Up to 25% of cancer patients develop metastases in the brain -- often long after successful treatment of the primary tumor. In almost all such cases, the prognosis is poor. The mechanisms responsible for the appearance of brain metastases have long been mysterious. Now a research team led by neurologist Dr. Frank Winkler of LMU Munich has followed, in real time, the steps that lead some tumor cells to establish metastases, while others fail to form new tumors.
The team also discovered that, by blocking formation of new blood vessels, the anti-cancer drug Avastin can suppress the emergence of metastases. "We hope that our results will help to optimize existing therapies and allow us to develop new agents that can be targeted against specific stages in the process of metastasis," says Winkler.
It is not the primary tumor that kills most cancer patients, but the metastases which arise from it. Metastases in the brain are associated with a particularly dismal prognosis. These secondary tumors frequently appear in patients who have, or have had, lung, breast or skin cancers. They are very difficult to treat, as existing therapies can only slow, not cure, the disease. Brain metastases are also very distressing for patients, often causing headaches and nausea, but also serious neurological symptoms such as paralysis and loss of the ability to speak. "Unfortunately, brain metastases are now being seen more often than in the past," says Dr. Frank Winkler, who leads the Neurooncology Research Group at the LMU's Neurological Clinic in Munich. "Improvements in the treatment of malignancy have enhanced survival times. But this also means that more patients are at risk of developing brain metastases."

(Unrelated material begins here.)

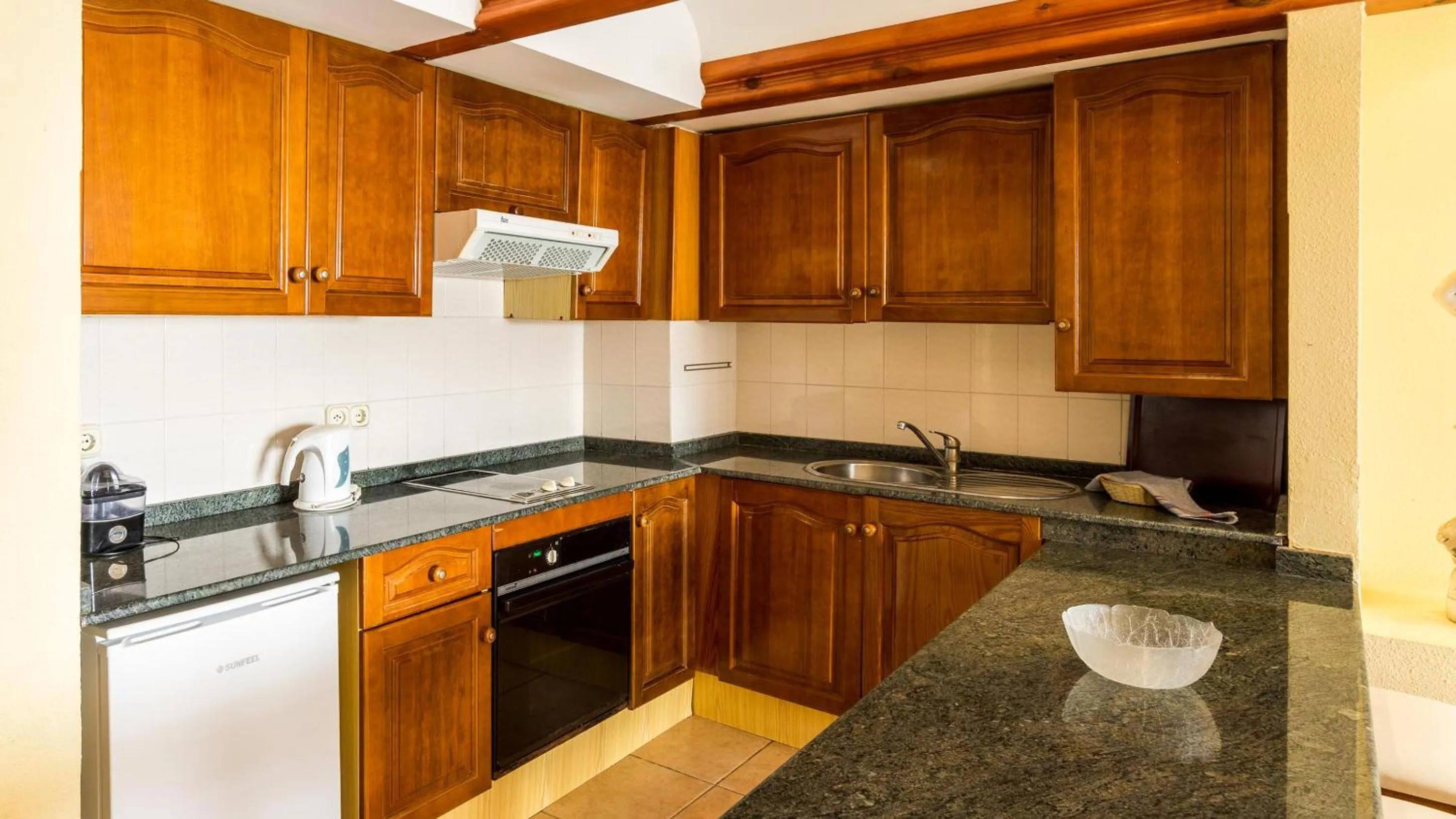 Kitchen or kitchenette in BLUESEA Apartamentos Callao Garden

Exactly how metastases arise has been unclear. In close cooperation with Professor Jochen Herms of the LMU's Center for Neuropathology and Prion Research and scientists at the Max-Planck Institute for Neurobiology in nearby Martinsried, Winkler and his collaborators Yvonne Kienast and Louisa von Baumgarten have, for the first time, been able to follow the fate of single cancer cells, in real time, over periods long enough to allow the development of large metastases in the brain. The study used two-photon microscopy, which allows one to look deeper into tissues than is possible with conventional fluorescence microscopy. The technique can visualize, at high resolution, structures that lie hundreds of micrometers below the surface of the living brain. "Essentially, we were able to monitor the stages of metastasis formation live," remarks Yvonne Kienast.

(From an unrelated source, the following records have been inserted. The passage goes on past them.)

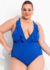 Mulher plus size usando um maiô azul com detalhes em babados, posando com confiança.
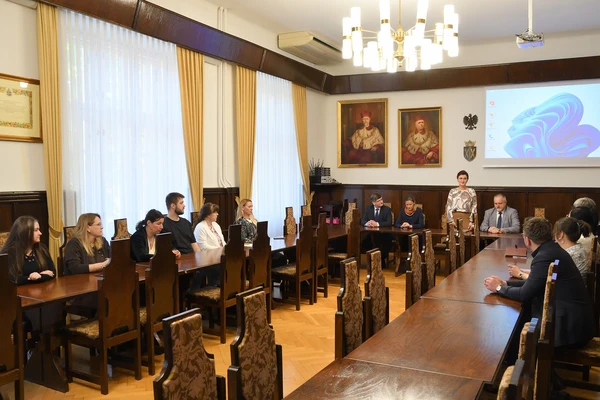 14 osób uczestniczących w spotkaniu podsumowującym Krakowskie Dni Integracji siedzących za stolikami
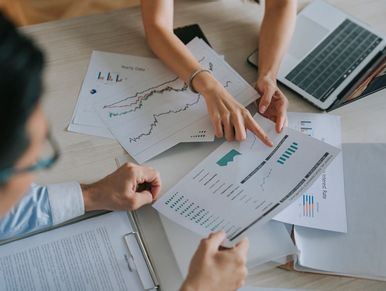 Two people discussing financial charts and data at a desk with a laptop.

Different fluorescent markers were used to label blood vessels (in green) and the tumor cells (in red) which the team injected directly. By extending their observations over many weeks, the researchers discovered that metastasis formation requires four steps. First, circulating tumor cells must get trapped at a fork in the network of blood vessels. "In contrast to previous reports, intravascular growth is not sufficient to induce a metastasis," reports Winkler. "We observed that such cells must then escape into the surrounding tissue by passing through tiny gaps between the cells of the vessel wall. In the third step, they have to stick to the outer surface of the vessel, where micrometastases, consisting of four to fifty cells, can develop.
It is the fourth step that gives the crucial signal for the development of a clinically relevant metastasis. This occurs when neighbouring micrometastases fuse and new blood vessels grow into the resulting mass. The latter process -- angiogenesis -- ensures that the tumor has a constant supply of nutrients, allowing it to grow unchecked. The imaging experiments also revealed the hurdles that cancer cells must overcome in order to form metastases. As Winkler points out, "Each one of the steps can go awry. Cells may not get out of the circulation, may fail to adhere to the outer vessel wall or be unable to induce angiogenesis." In the absence of angiogenesis, even cells that had attached to the outer vessel wall and proliferated strongly at first eventually died.

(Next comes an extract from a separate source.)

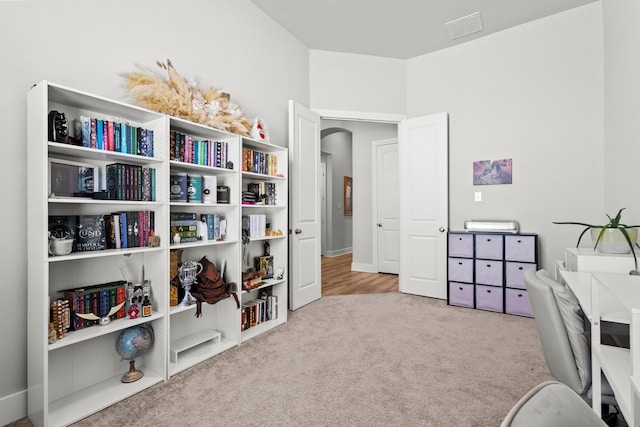 carpeted home office featuring arched walkways and visible vents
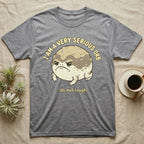 Gray t-shirt with a cartoon toad saying "I am a very serious orb...do not laugh."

As Winkler and his colleagues confirmed, many cancer cells can remain in a resting state for long periods, and then suddenly begin to grow again. "This is why metastases often appear years after successful therapy of the original tumor," he says. It turns out that direct contact with a blood vessel is also essential for the survival of resting tumor cells. These new findings should soon contribute to improving patient care. Winkler's team have already shown that the anti-cancer drug Avastin blocks the angiogenesis step, so that further growth of micrometastases is permanently inhibited. "We now want to test other types of cancer drugs for their effects on the single steps of metastasis formation," says Winkler. "Thanks to these insights, it may be possible to discover new substances that allow us to treat existing metastases effectively, or even prevent them from developing at all."
This research was published online on December 20, 2009 in Nature Medicine.